Kwak Kijung, Yu Bo, Mouli Samdeep K, Larson Andrew C, Kim Dong-Hyun
Department of Radiology, Feinberg School of Medicine, Northwestern University, Chicago, IL 60611.
Department of Radiology, Feinberg School of Medicine, Northwestern University, Chicago, IL 60611; Robert H. Lurie Comprehensive Cancer Center, Chicago, Illinois.
J Vasc Interv Radiol. 2020 Oct;31(10):1697-1705.e3. doi: 10.1016/j.jvir.2020.01.026. Epub 2020 Aug 6.
To develop bile acid-stabilized multimodal magnetic resonance (MR) imaging and computed tomography (CT)-visible doxorubicin eluting lipiodol emulsion for transarterial chemoembolization of hepatocellular carcinoma (HCC).

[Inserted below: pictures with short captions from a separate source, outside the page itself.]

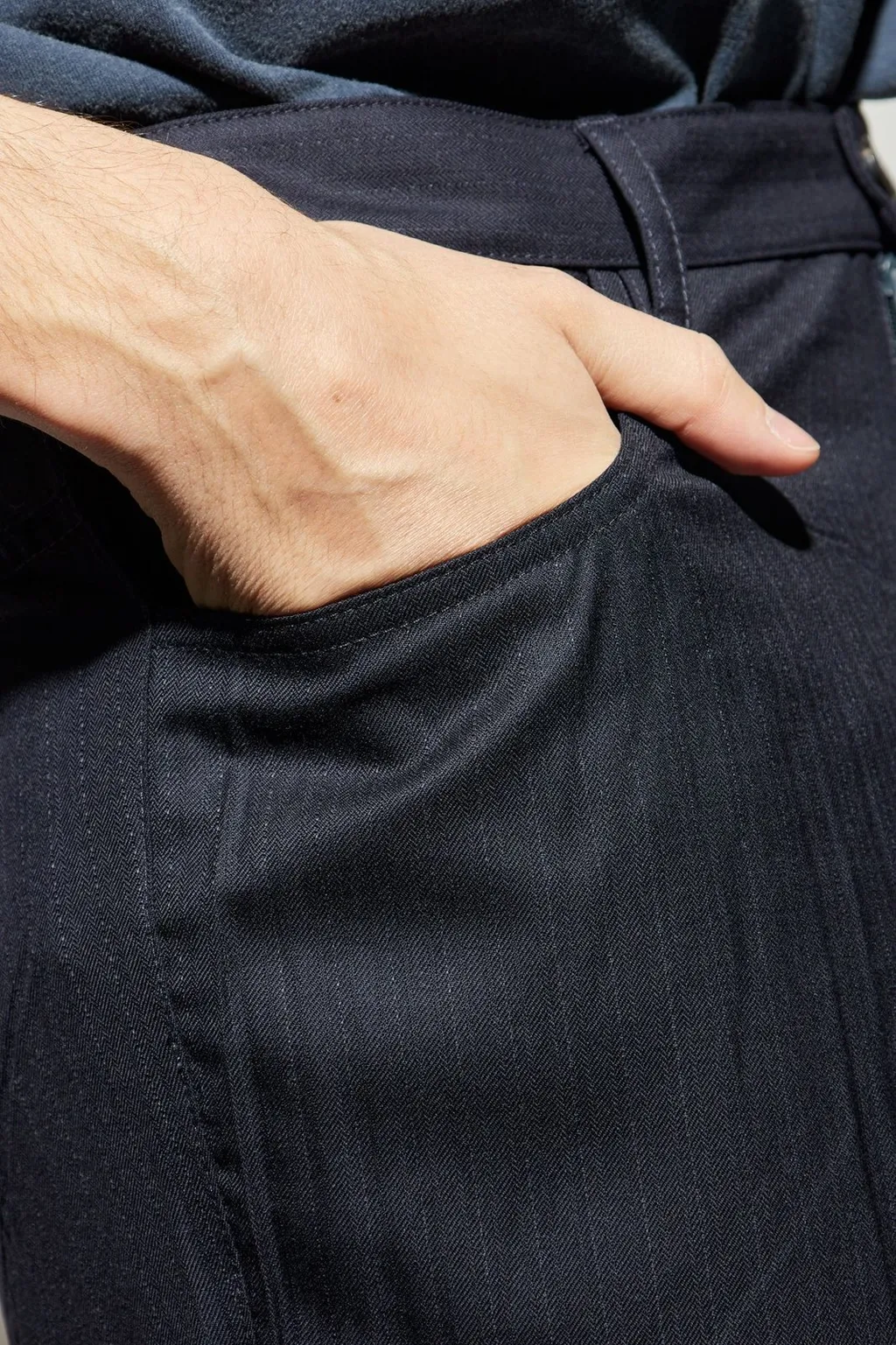 Straight-Leg Tailored Pants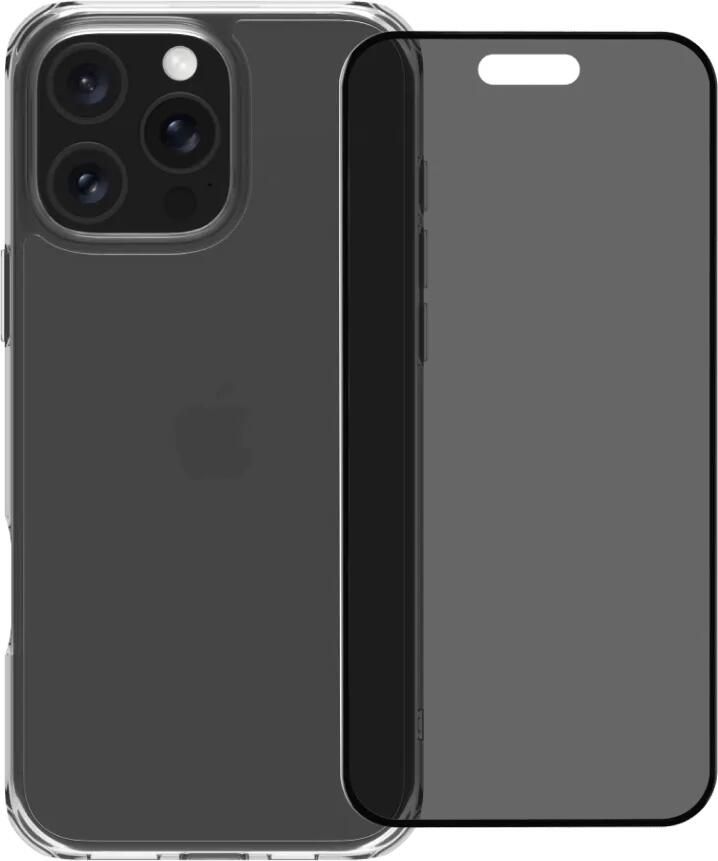 BlueBuilt Protective Back Cover iPhone 16 Pro Max Transparant + Privacy Screenprotector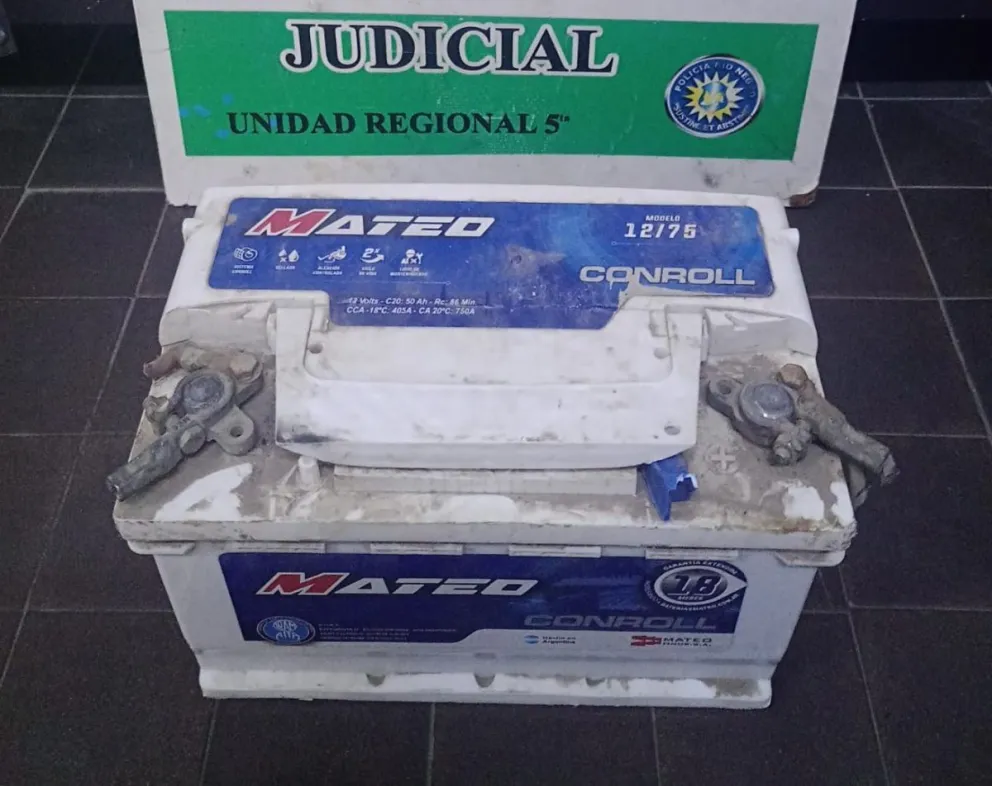 El  propietario confirmó la sustracción ante los uniformados (imagen gentileza)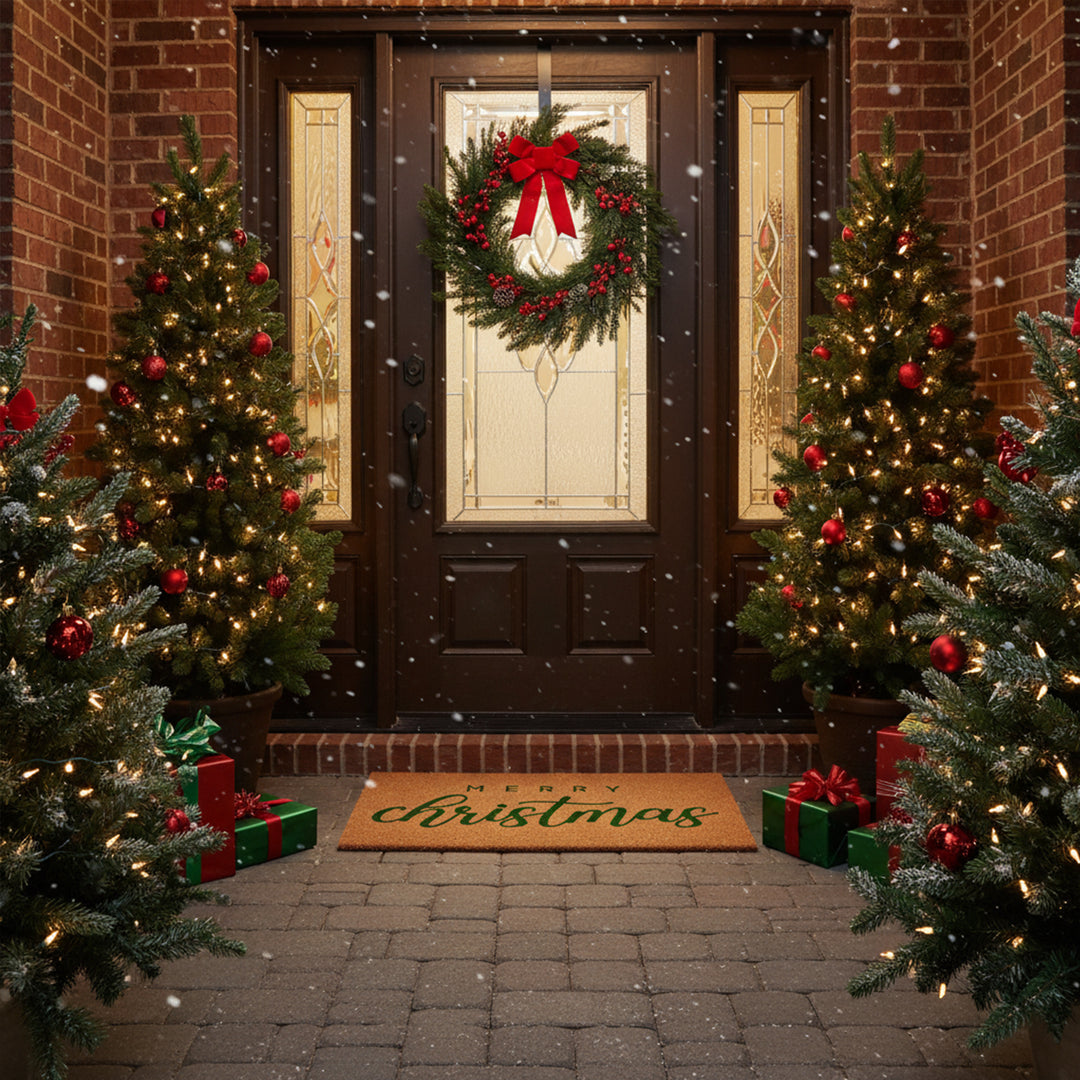 Classic Christmas Doormat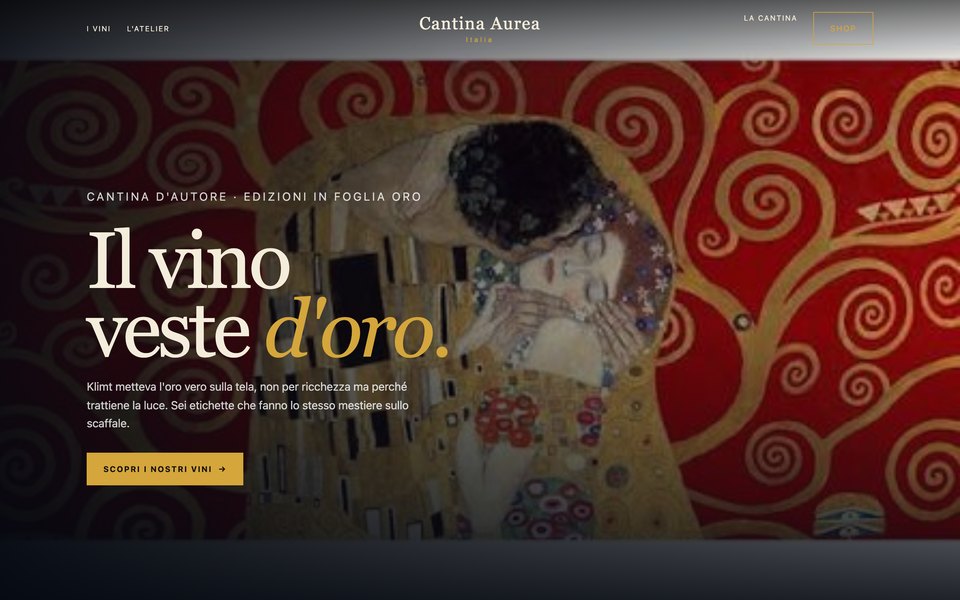 Il template Cantina Aurea come si vede aprendolo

Ferumoxytol, a US Food and Drug Administration-approved iron oxide nanoparticle visible under MR imaging was electrostatically complexed with doxorubicin (DOX). An amphiphilic bile acid, sodium cholate (SC), was used to form a stable dispersion of ferumoxytol-DOX complex in lipiodol emulsion. Properties of the fabricated emulsion were characterized in various component ratios. Release kinetics of DOX were evaluated for the chemoembolization applications. Finally, in vivo multimodal MR imaging/CT imaging properties and potential therapeutic effects upon intra-arterial (IA) infusion bile acid-stabilized ferumoxytol-DOX-lipiodol emulsion were evaluated in orthotopic McA-Rh7777 HCC rat models.
DOX complexed with ferumoxytol through electrostatic interaction. Amphiphilic SC bile acid at the interface between the aqueous ferumoxytol-DOX complexes and lipiodol enabled a sustained DOX release (17.2 ± 1.6% at 24 hours) at an optimized component ratio. In McA Rh7777 rat HCC model, IA-infused emulsion showed a significant contrast around tumor in both T2-weighted MR imaging and CT images (P = .044). Hematoxylin and eosin and Prussian blue staining confirmed the local deposition of IA-infused SC bile acid-stabilized emulsion in the tumor. The deposited emulsion induced significant increases in TUNEL (terminal deoxynucleotidyl transferase dUTP nick end labeling) stain-positive cancer cell apoptosis compared to those in a group treated with the nonstabilized emulsion.
SC bile acid-stabilized ferumoxytol-DOX-lipiodol emulsion demonstrated sustained drug release and multimodal MR imaging/CT imaging capabilities. The new lipiodol-based formulation may enhance the therapeutic efficacy of chemoembolization in HCC.
研发用于肝细胞癌(HCC)经动脉化疗栓塞的胆汁酸稳定的多模态磁共振(MR)成像及计算机断层扫描(CT)可见的阿霉素洗脱碘油乳剂。
将美国食品药品监督管理局批准的在MR成像下可见的氧化铁纳米颗粒——多聚麦芽糖铁,与阿霉素(DOX)进行静电复合。使用两亲性胆汁酸胆酸钠(SC)在碘油乳剂中形成多聚麦芽糖铁-DOX复合物的稳定分散体。在不同的组分比例下对制备的乳剂的性质进行表征。评估DOX在化疗栓塞应用中的释放动力学。最后,在原位McA-Rh7777 HCC大鼠模型中评估经动脉(IA)注入胆汁酸稳定的多聚麦芽糖铁-DOX-碘油乳剂的体内多模态MR成像/CT成像特性及潜在治疗效果。
DOX通过静电相互作用与多聚麦芽糖铁复合。在水相多聚麦芽糖铁-DOX复合物与碘油之间的界面处的两亲性SC胆汁酸,在优化的组分比例下实现了DOX的持续释放(24小时时为17.2±1.6%)。在McA Rh7777大鼠HCC模型中,IA注入的乳剂在T2加权MR成像和CT图像中均显示肿瘤周围有明显的对比(P = 0.044)。苏木精-伊红染色和普鲁士蓝染色证实IA注入的SC胆汁酸稳定的乳剂在肿瘤中的局部沉积。与用未稳定化乳剂治疗的组相比,沉积的乳剂使TUNEL(末端脱氧核苷酸转移酶dUTP缺口末端标记)染色阳性的癌细胞凋亡显著增加。
SC胆汁酸稳定的多聚麦芽糖铁-DOX-碘油乳剂具有持续的药物释放及多模态MR成像/CT成像能力。这种基于碘油的新制剂可能会提高HCC化疗栓塞的治疗效果。